🤖 AI Summary
Current educational evaluations of large language models are largely confined to general correctness or rely on human scoring that is difficult to scale, making it challenging to assess fine-grained pedagogical capabilities—such as scaffolding and value integration—in long-tail instructional scenarios. This work proposes the Elmes* framework, which leverages a multi-agent teacher–student–evaluator interaction engine and a self-evolving SceneGen module to automatically construct and refine scenario-specific evaluation criteria.
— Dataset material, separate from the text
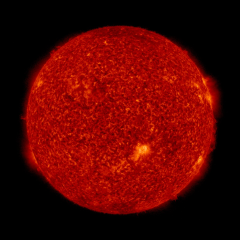 Image of Sun's transition region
It presents the first automated, fine-grained scoring system tailored for long-tail educational contexts, enabling multidimensional diagnostic assessment and introducing Edu-330, a large-scale benchmark comprising 330 diverse scenarios. Experiments reveal significant performance disparities among leading models in creativity and value alignment, with the specialized model InnoSpark achieving the best results; furthermore, LLM-based evaluators yield rankings consistent with human judgments while exhibiting lower variance.
📝 Abstract
Evaluating large language models (LLMs) for education requires measuring how models teach, not only what they know. Existing benchmarks emphasize domain-general correctness or depend on manually designed rubrics that scale poorly to long-tail pedagogical scenarios. We introduce Elmes*, an end-to-end framework for constructing, refining, and applying fine-grained scenario-specific rubrics. Elmes* combines a declarative multi-agent engine for teacher--student--judge interactions with SceneGen, a self-evolving module that co-optimizes evaluation criteria and test data from expert-defined pedagogical dimensions. Using Elmes*, we build Edu-330, covering 330 scenarios across 11 subjects, 3 grade bands, and 10 task types, with over 1{,}000 second-level indicators. Experiments on Edu-330 and four expert-authored gold-standard scenarios show that educational capability is multidimensional: top-tier LLMs differ mainly in creativity and values integration, knowledge-strong models may fail at Socratic scaffolding, and the education-specialized InnoSpark achieves the best human-evaluated average score. LLM judges preserve human-comparable rankings with much lower scoring variance, but exhibit judge-specific biases such as self-preference. Ablations show that expert-scored few-shot anchoring improves human--LLM alignment, while reasoning enforcement and greedy decoding are model-dependent. Elmes* thus provides scalable diagnostic infrastructure for pedagogically grounded LLM evaluation.